I conclude that the Florida Report, which addresses almost exclusively the "Nurses Retirement Savings Plan" marketed by Urso has some limited relevance, particularly since it concludes that MetLife's supervision of its agents led to improper sales tactics on a national level. However, the specific type of misrepresentation alleged by Plaintiff here does not appear to have been included in the Florida report. Thus, there is potential to confuse the jury.

Because the Florida Report has limited relevance, yet great potential to confuse the jury, I find that the report is inadmissible as it will be unfairly prejudicial to MetLife under Rule 403.


Defendant's Motion also seeks to exclude evidence of a "Connecticut Market Conduct Report" which Plaintiff identifies as Exhibit 37 in her pretrial statement. Unlike the Pennsylvania and Florida Reports, however, Defendant did not attach a copy of the Connecticut Report to its Motion.
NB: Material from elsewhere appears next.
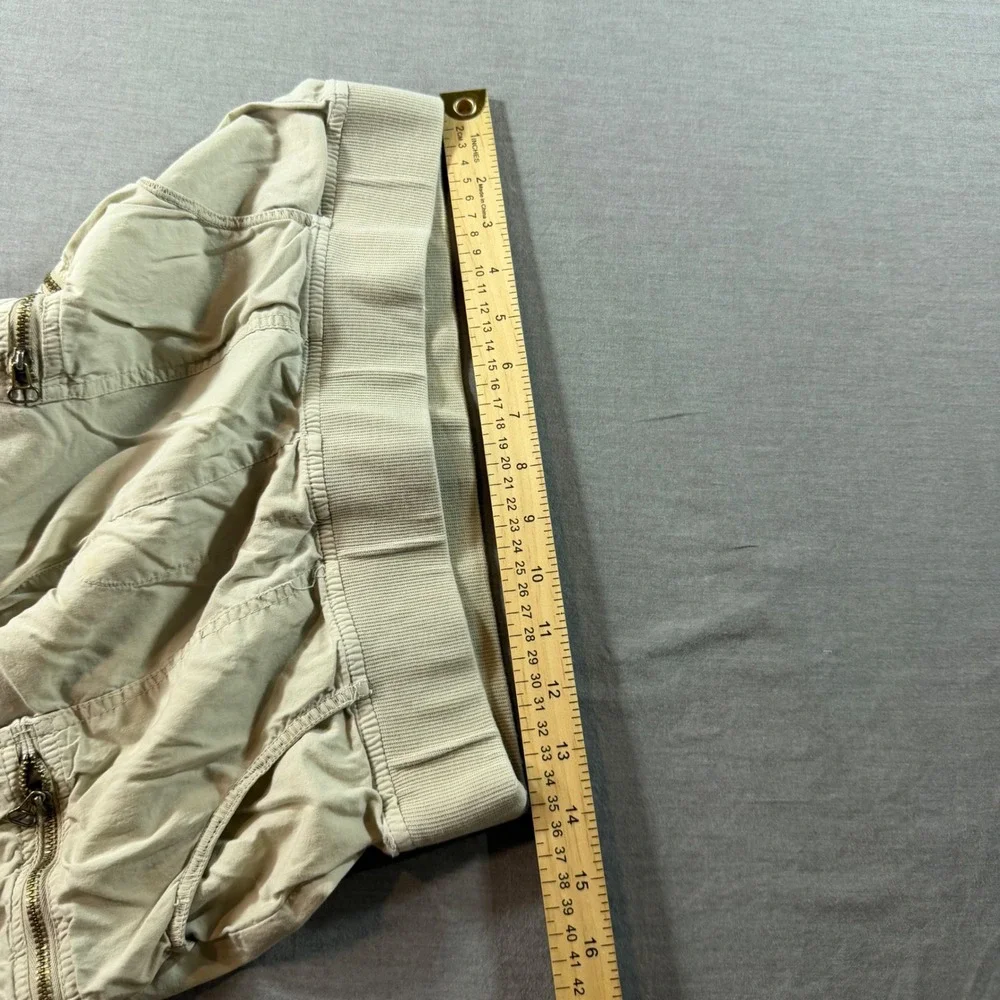 XCVI Cargo Shorts Womens XS Tan Good Elastic Waist Utility Pockets Stretch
Instead, Defendant indicates that Plaintiff failed to provide it with a bates number or date for the exhibit, and reserves the right to amend the Motion "when and if Plaintiff provides Defendant with the correct bates range." Docket No. 50, at 1 n.2. In addition, Defendant's Motion does not provide any details regarding the scope of the Connecticut Report or its contents.

Plaintiff likewise fails to provide details regarding the Connecticut Report in her response. Indeed, the only substantive reference to the Connecticut Report in Plaintiff's Response Brief is a conclusory sentence in a footnote stating that "The Connecticut Examination which was not addressed in Mohney dealt specifically with the sale of policies through 'vanishing premiums' and is extremely relevant to the issues in this case." Docket No. 54, at 1 n.1. Plaintiff, however, does not attach a copy of the Connecticut Report or cite to a specific portion of the report to support this assertion.

Without the Connecticut Report before me, and without any specific information regarding its scope or contents, I simply am unable to make a finding as to the Report's admissibility. Thus, Defendant's Motion is denied with respect to the Connecticut Report, without prejudice to its ability to renew the Motion if, and when, the parties supply me with the appropriate documentation.

An appropriate Order follows.


AND NOW, this 9thday of March, 2006, Defendant's Motion in Limine to Exclude Evidence Regarding the Pennsylvania, Florida, and Connecticut Market Conduct Examinations of Metropolitan Life Insurance Company (Docket No. 50) is granted in part and denied in part as set forth more fully in the Opinion accompanying this Order.